Aim of the task:
Without including the pictures, copy each line below exactly as it reads.

Working data:
:::::
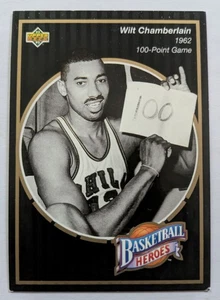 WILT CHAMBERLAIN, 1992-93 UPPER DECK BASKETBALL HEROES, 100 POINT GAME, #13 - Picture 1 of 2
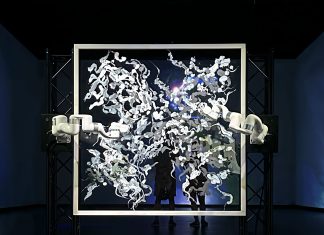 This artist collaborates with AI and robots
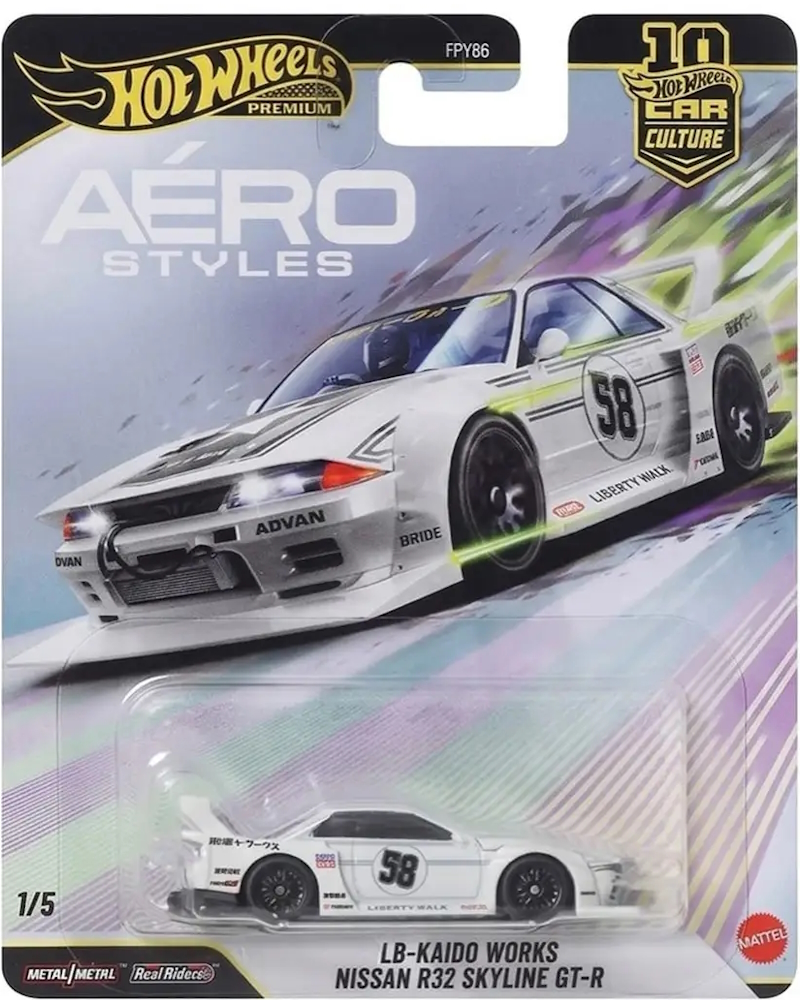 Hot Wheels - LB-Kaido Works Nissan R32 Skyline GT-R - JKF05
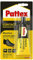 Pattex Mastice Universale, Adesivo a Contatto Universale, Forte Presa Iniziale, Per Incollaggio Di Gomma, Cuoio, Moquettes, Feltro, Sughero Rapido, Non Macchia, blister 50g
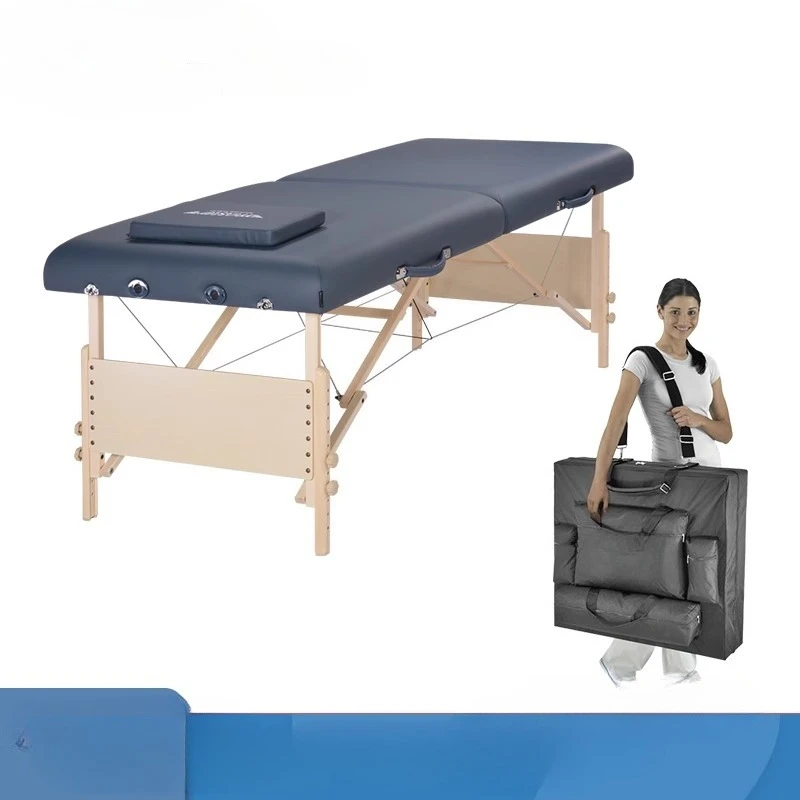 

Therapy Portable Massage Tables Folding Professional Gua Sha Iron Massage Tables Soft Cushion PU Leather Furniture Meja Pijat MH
:::::
Written response:
 WILT CHAMBERLAIN, 1992-93 UPPER DECK BASKETBALL HEROES, 100 POINT GAME, #13 - Picture 1 of 2
 This artist collaborates with AI and robots
 Hot Wheels - LB-Kaido Works Nissan R32 Skyline GT-R - JKF05
 Pattex Mastice Universale, Adesivo a Contatto Universale, Forte Presa Iniziale, Per Incollaggio Di Gomma, Cuoio, Moquettes, Feltro, Sughero Rapido, Non Macchia, blister 50g

Therapy Portable Massage Tables Folding Professional Gua Sha Iron Massage Tables Soft Cushion PU Leather Furniture Meja Pijat MH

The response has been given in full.